**THE PROBLEM:** Reproduce only the lines that begin at the line with "Élida Pereira Jerônimo." and run to the end of the entries; omit every picture.

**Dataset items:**
══════
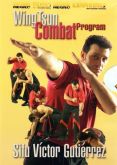 Victor Gutierrez - Wing Tsun Evolução no Combate Real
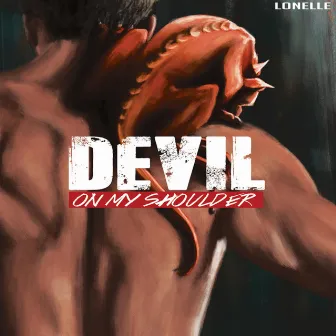 Devil on My Shoulder by Lonelle Walker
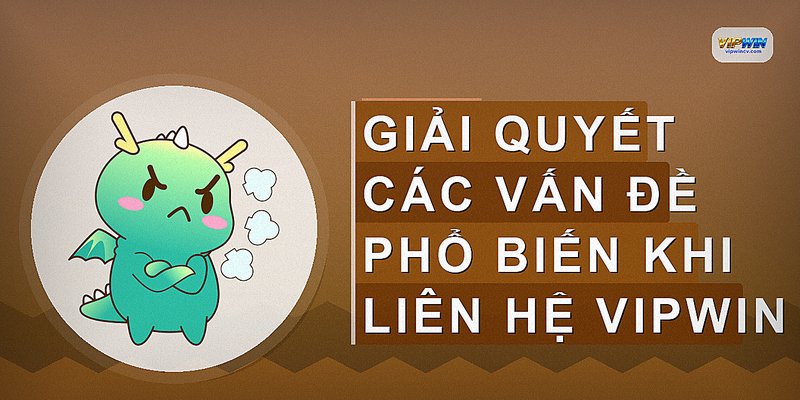 Giải quyết các vấn đề phổ biến khi liên hệ VIPWIN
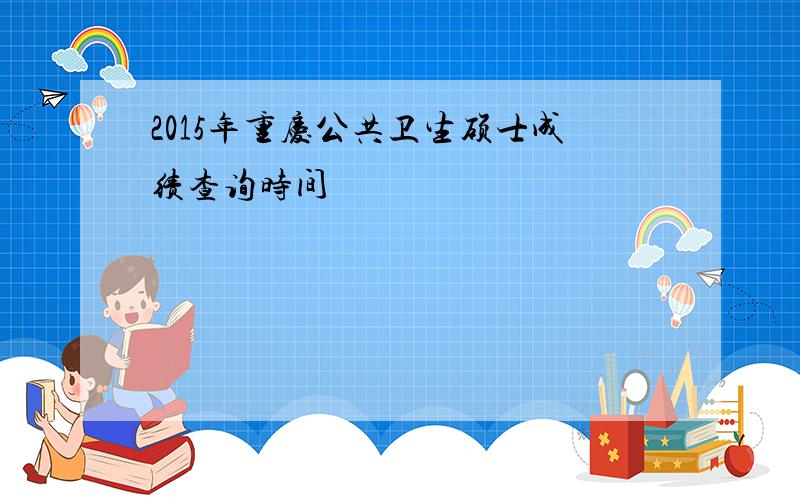 2015年重庆公共卫生硕士成绩查询时间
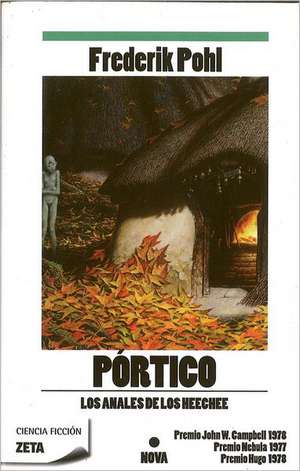 Portico = Gateway: El Asedio de Frederik Pohl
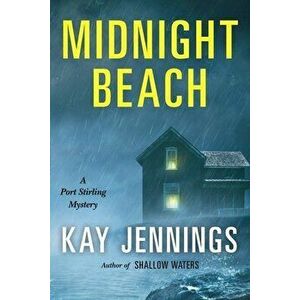 Midnight Beach: A Port Stirling Mystery, Paperback - Kay Jennings imagine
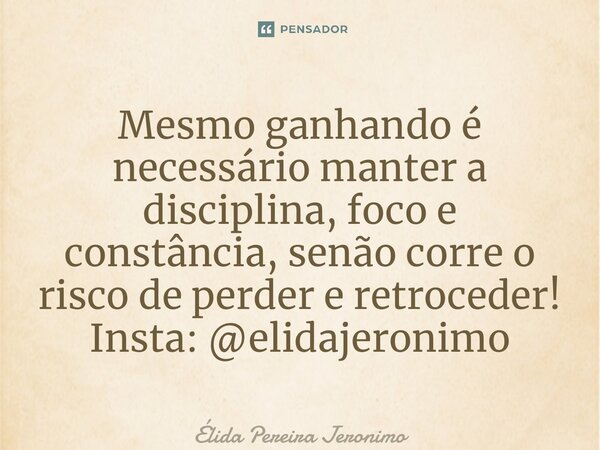 ⁠Mesmo ganhando é necessário manter a disciplina, foco e constância, senão corre o risco de perder e retroceder! Insta: @elidajeronimo... Frase de Élida Pereira Jerônimo.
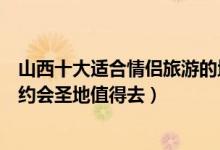 山西十大适合情侣旅游的地方（山西情侣旅游景点推荐这些约会圣地值得去）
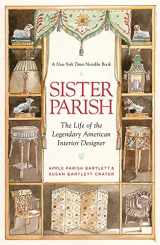 9780865652941-0865652945-Sister Parish: The Life of the Legendary American Interior Designer
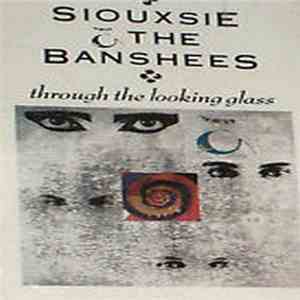 Siouxsie & The Banshees - Through The Looking Glass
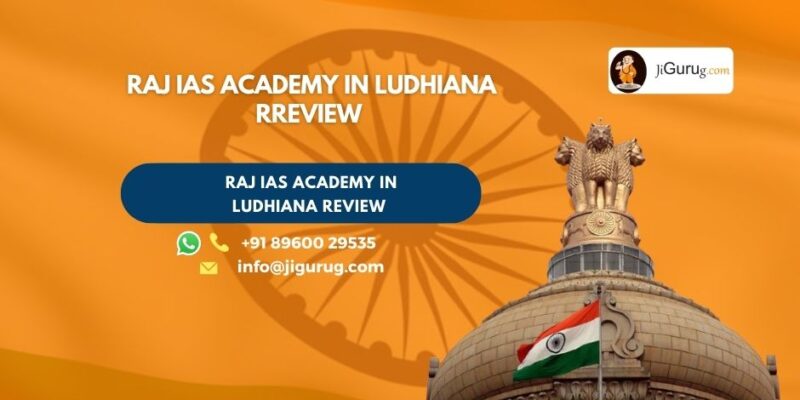 Review of Raj IAS Academy in Ludhiana.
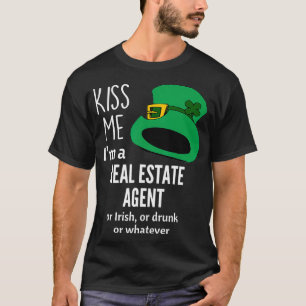 Kiss Me Im a Real Estate Agent or Irish or Drunk o T-Shirt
══════
**RESPONSE:**
 ⁠Mesmo ganhando é necessário manter a disciplina, foco e constância, senão corre o risco de perder e retroceder! Insta: @elidajeronimo... Frase de Élida Pereira Jerônimo.
 山西十大适合情侣旅游的地方（山西情侣旅游景点推荐这些约会圣地值得去）
 9780865652941-0865652945-Sister Parish: The Life of the Legendary American Interior Designer
 Siouxsie & The Banshees - Through The Looking Glass
 Review of Raj IAS Academy in Ludhiana.
 Kiss Me Im a Real Estate Agent or Irish or Drunk o T-Shirt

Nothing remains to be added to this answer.